Les adorateurs du rating magique essaient de plaquer leur dogme sur ces engins, mais hormis l’arbitraire de pénalités,  cela a encore moins de sens que pour les catamarans classiques. Les écarts sont déjà monstrueux avec des supports identiques.

Plus ou moins facile c’est plus ou moins vite

On trouve les vidéos du skimmer  Nacra 17 mené en train de foiler. Cependant ce sont des artistes qui font ça. Sans appui à l’arrière percuter la vague est une suite logique et fréquente de la fin de l’accélération .  Si vous regardez les bientôt olympiens ils sont à plat et au ras du ras de l’eau. Si pour le même Nacra 17 la tendance pour les tops, était une incidence longitudinale (rake) forte par le calage admis dans la jauge, la tendance semble revenir vers des valeurs plus raisonnables permettant le délestage/accélération un peu moindre, avec un risque de wheeling mobylette  et donc de crash minimisé. Frimer comme sur la photo de l’article est toujours possible . Un Nacra 17 déboite un F18: plus bas, plus vite au portant, les accélérations sont fortes lorsque vous êtes sur le bon angle/vitesse. Pour ce faire la dextérité de l’équipage est mise à rude épreuve. C’est olympique papa.

A l’autre extrême de l’éventail de la pratique, on trouve le S9 de Bimare ou le Whisper fait par White.
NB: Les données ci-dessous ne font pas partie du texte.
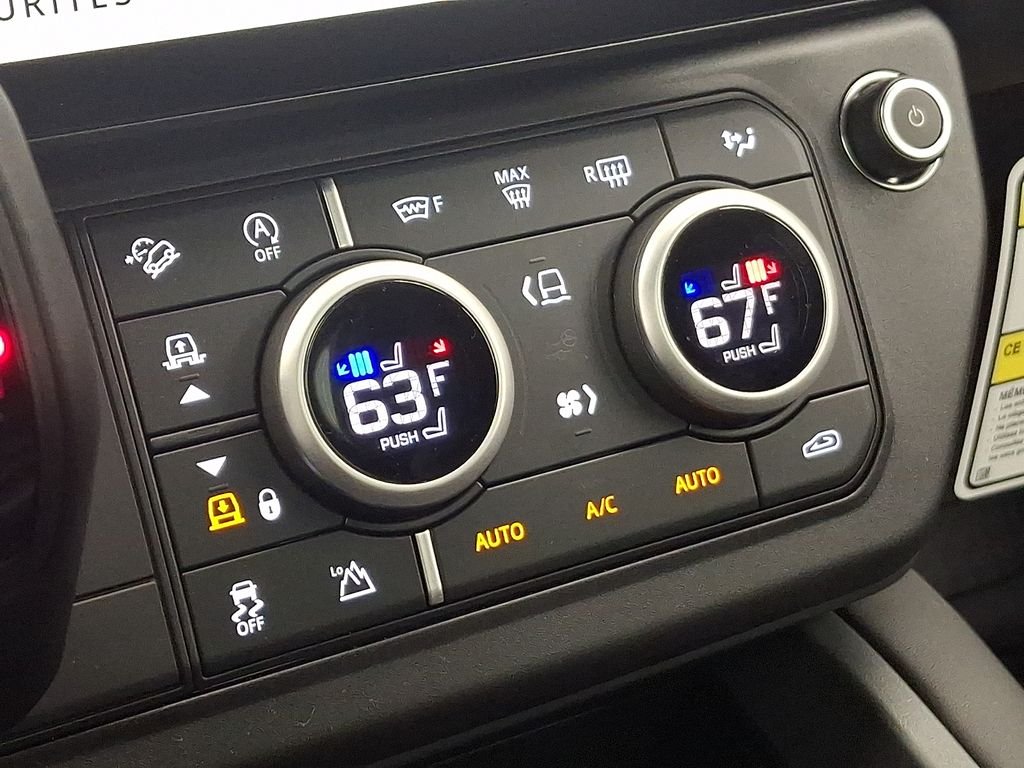 New 2026 Borasco Grey Land Rover X-Dynamic SE image 12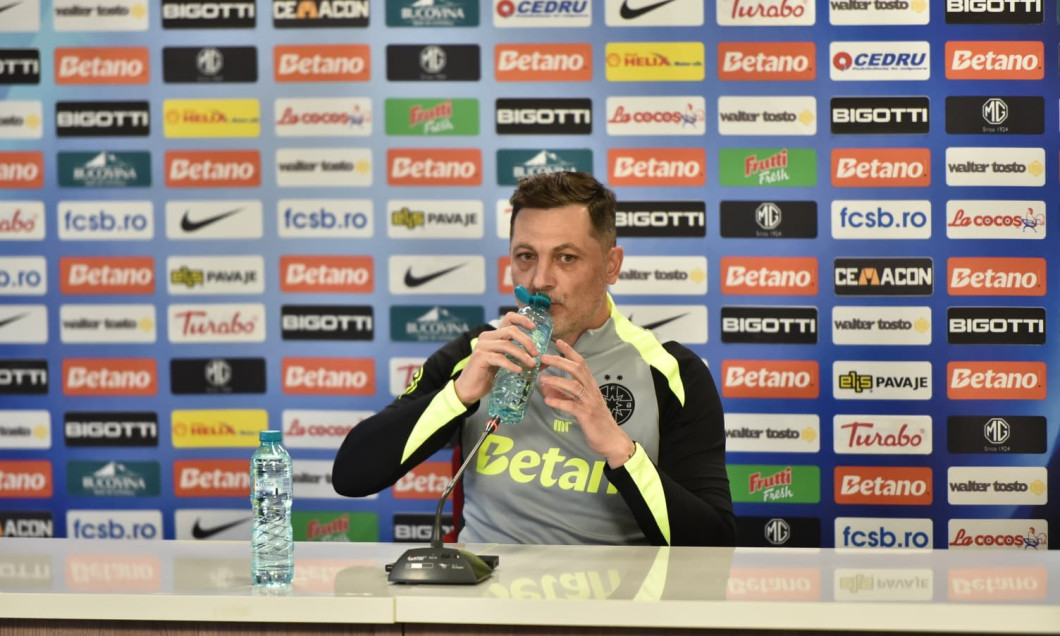 CONFERINTA DE PRESA: MIREL RADOI ANTRENOR FCSB (10.03.2026)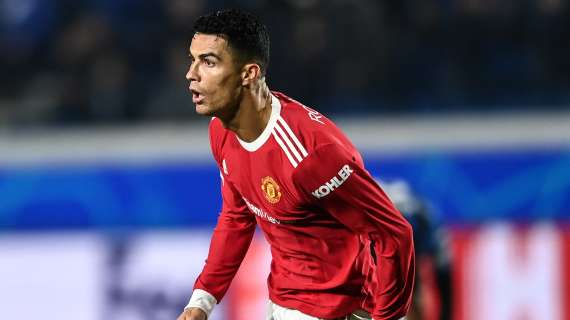 From UK - Il Manchester United non vuole cedere Ronaldo a gennaio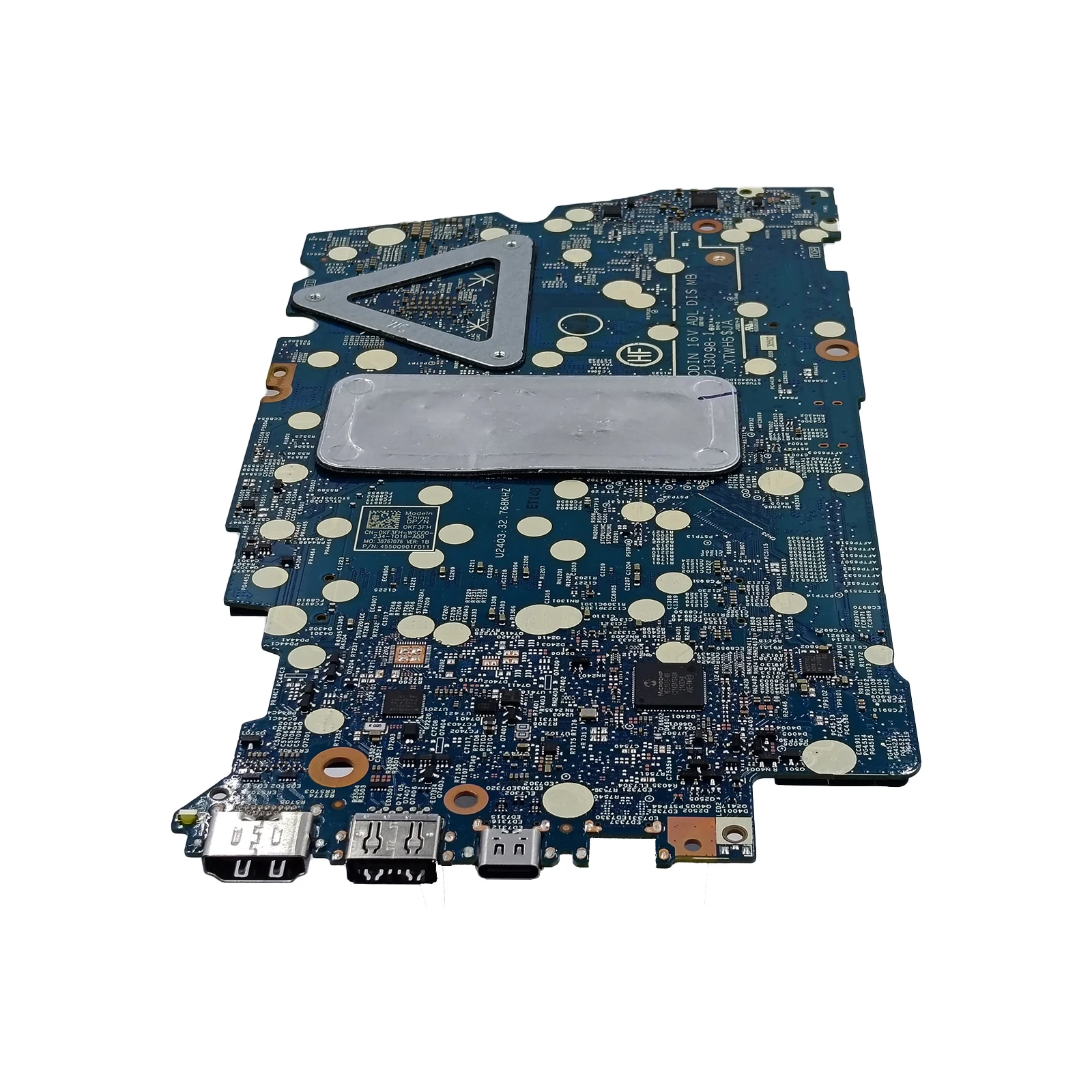 

0KF3FH For Dell Vostro 5620 Laptop Motherboard SRLFQ i5-1235U GN20-S5-A1 2GB MX570 Mainboard 213098-1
Les deux ont fait le choix de grande portance permettant un décollage facile et un contrôle du vol via un capteur terminé par un bouchon qui en rebondissant sur la surface de l’eau mesure la hauteur du vol et permet de régler le « rake » (incidence soit pigeon vole: l’avant monte, pigeon coule: l’avant descend) automatiquement. Ce qui permet de foiler sereinement, d’autant que les portances (avant et arrière) sont importantes. Qui dit portance dit trainée et là on freine le bestiau. Freiner est relatif car dépasser 20 noeuds est courant. Cela va  plus vite qu’un catamaran ordinaire.
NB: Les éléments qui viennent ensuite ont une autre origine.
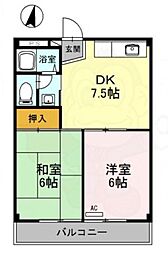 ガーデンハイツ山本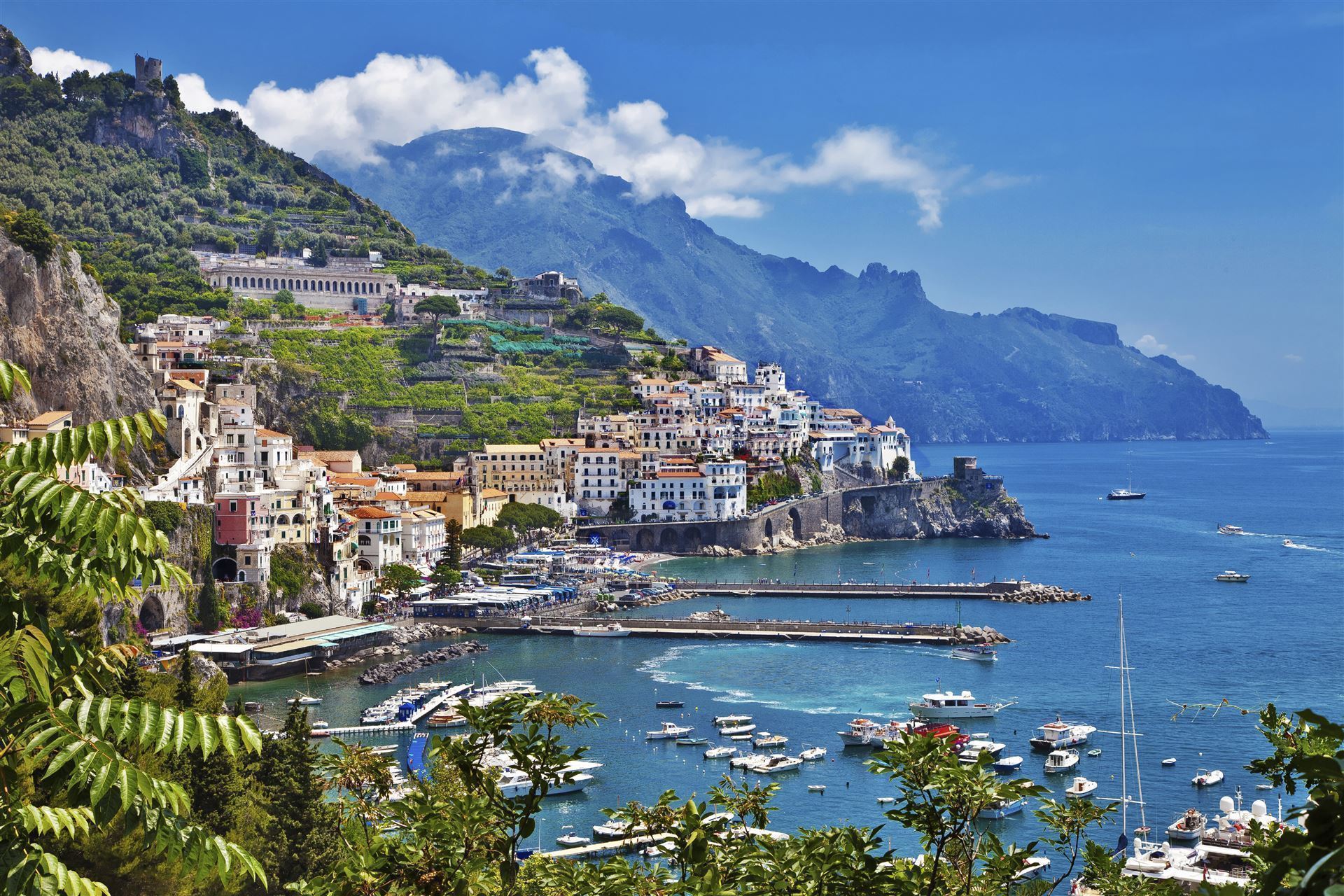 Italien Amalfi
Trois pattes ou quatre pattes ?

Le foiler à 3 pattes vont des ACxx au GC32 en passant par les Flying Phantom. Exigeants, excitants, très rapides ( + de 30 noeuds), ils sont optimisés pour la vitesse, rien ne traîne qui ne soit indispensable dans le complément du Ricard. Mais c’est pas facile en ligne droite et encore moins en terme de manoeuvres. Martin Fisher parle de « chorégraphie », sans rien exagérer. A l’empannage tu abats et le bateau te tombe dessus car le foil sous le vent pousse …

Ici l’évolution vers quatre pattes semble sportivement compréhensible. Comme l’explique Ferdinand van West à Martin Vanzulli, accepter de traîner le foil au vent dans l’eau freine la barque mais permet de simplifier considérablement les manoeuvres en restant plus aisément au-dessus de l’eau. C’est la solution retenu pour le Nacra 15 en version Jeux Olympiques de la Jeunesse  de 2018 où ce petit catamaran de sport sera le seul bateau présent à côté des planches et kite.
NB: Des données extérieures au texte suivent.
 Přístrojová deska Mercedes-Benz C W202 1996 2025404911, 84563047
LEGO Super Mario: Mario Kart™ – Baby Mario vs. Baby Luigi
*Le titre est une allusion grossière à Edika. Que mon maître me pardonne.

En 2016: du beau sport, du plaisir et de la lisibilité/visibilité. photo: FT

2016 va être copieuse pour le top niveau du catamaran. JO, étape des ACWS en France, Mondial Hobie 16, Européen F18 à Brest, TFV,  seront parmi les points forts d’une saison sportive qui va de mars à novembre et dont les rendez-vous nationaux et internationaux sont nombreux.  Très nombreux. Trop nombreux ?

Du beau sport !

D’abord car c’est la santé. Plus sérieusement dans ce registre que nos camarades du classe A subliment la distinction volant/archimédien sans diviser cette belle classe de développement technique.

Que les Hobistes, Dartistes, Nacraistes, F18istes, F16istes, ClasseAistes, Phantomistes,  progressent et rapportent des podiums internationaux après de belles luttes à chaque bouée.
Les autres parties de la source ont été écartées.